(Caption-style text data)
== Segment start ==

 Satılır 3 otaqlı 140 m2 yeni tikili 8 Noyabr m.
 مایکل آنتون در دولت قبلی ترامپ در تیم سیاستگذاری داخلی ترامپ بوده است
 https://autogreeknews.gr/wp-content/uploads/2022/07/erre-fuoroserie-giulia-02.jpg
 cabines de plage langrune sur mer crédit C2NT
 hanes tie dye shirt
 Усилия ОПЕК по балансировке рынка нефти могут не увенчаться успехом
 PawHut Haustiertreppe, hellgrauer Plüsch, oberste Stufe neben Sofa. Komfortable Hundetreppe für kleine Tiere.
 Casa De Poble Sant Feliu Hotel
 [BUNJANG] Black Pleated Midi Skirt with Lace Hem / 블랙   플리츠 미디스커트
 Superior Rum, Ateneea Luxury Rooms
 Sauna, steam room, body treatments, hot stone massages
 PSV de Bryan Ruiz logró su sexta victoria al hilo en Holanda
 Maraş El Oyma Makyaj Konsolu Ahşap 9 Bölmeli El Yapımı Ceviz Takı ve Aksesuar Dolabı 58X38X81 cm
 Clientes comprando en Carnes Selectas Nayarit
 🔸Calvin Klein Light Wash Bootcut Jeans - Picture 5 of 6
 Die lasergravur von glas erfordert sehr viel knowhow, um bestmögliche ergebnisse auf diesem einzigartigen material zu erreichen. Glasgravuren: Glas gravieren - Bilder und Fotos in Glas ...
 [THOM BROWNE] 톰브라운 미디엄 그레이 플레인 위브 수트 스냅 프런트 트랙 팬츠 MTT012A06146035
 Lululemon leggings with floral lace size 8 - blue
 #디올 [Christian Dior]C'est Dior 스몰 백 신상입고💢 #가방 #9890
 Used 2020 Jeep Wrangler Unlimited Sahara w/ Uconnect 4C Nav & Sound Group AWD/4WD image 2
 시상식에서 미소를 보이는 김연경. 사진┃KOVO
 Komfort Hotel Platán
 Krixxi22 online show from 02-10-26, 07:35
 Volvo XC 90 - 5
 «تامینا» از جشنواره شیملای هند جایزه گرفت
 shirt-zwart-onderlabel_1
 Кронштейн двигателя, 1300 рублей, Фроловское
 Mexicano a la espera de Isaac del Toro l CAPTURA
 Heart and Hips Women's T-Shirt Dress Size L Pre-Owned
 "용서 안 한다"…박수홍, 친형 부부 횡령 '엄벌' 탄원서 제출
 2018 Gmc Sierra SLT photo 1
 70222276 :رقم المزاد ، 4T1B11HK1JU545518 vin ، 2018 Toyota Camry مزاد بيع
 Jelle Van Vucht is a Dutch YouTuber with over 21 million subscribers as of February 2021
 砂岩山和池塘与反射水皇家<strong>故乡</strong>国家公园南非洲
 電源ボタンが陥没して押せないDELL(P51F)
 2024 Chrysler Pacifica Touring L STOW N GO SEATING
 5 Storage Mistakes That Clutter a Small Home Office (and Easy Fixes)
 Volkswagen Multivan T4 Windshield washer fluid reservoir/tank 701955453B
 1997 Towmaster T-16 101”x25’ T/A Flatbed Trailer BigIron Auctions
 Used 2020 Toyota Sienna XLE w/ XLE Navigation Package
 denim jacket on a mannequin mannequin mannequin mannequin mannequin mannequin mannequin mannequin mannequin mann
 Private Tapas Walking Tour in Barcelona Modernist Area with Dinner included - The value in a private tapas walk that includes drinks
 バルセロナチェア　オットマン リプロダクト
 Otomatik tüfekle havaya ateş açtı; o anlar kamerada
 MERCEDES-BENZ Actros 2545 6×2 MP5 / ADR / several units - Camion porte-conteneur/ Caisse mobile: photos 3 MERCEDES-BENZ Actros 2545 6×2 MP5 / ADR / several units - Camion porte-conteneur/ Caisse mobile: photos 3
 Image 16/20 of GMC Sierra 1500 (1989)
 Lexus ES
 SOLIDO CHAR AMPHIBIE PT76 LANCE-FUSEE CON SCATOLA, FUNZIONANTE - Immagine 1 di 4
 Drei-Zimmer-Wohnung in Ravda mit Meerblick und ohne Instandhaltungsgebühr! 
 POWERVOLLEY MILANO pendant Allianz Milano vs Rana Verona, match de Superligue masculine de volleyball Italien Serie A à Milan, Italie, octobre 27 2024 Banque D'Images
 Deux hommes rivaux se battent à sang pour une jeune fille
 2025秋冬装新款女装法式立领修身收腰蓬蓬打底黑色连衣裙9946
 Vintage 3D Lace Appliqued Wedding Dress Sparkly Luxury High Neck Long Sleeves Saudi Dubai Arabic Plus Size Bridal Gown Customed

== Segment end ==

• _WHAT YOU HAVE TO DO_: Beginning at the line with "Кронштейн двигателя, 1300 рублей, Фроловское" and ending at the line with "Jelle Van Vucht", reproduce each line of the data above exactly, and add no other lines.

• _SOLUTION_:
 Кронштейн двигателя, 1300 рублей, Фроловское
 Mexicano a la espera de Isaac del Toro l CAPTURA
 Heart and Hips Women's T-Shirt Dress Size L Pre-Owned
 "용서 안 한다"…박수홍, 친형 부부 횡령 '엄벌' 탄원서 제출
 2018 Gmc Sierra SLT photo 1
 70222276 :رقم المزاد ، 4T1B11HK1JU545518 vin ، 2018 Toyota Camry مزاد بيع
 Jelle Van Vucht is a Dutch YouTuber with over 21 million subscribers as of February 2021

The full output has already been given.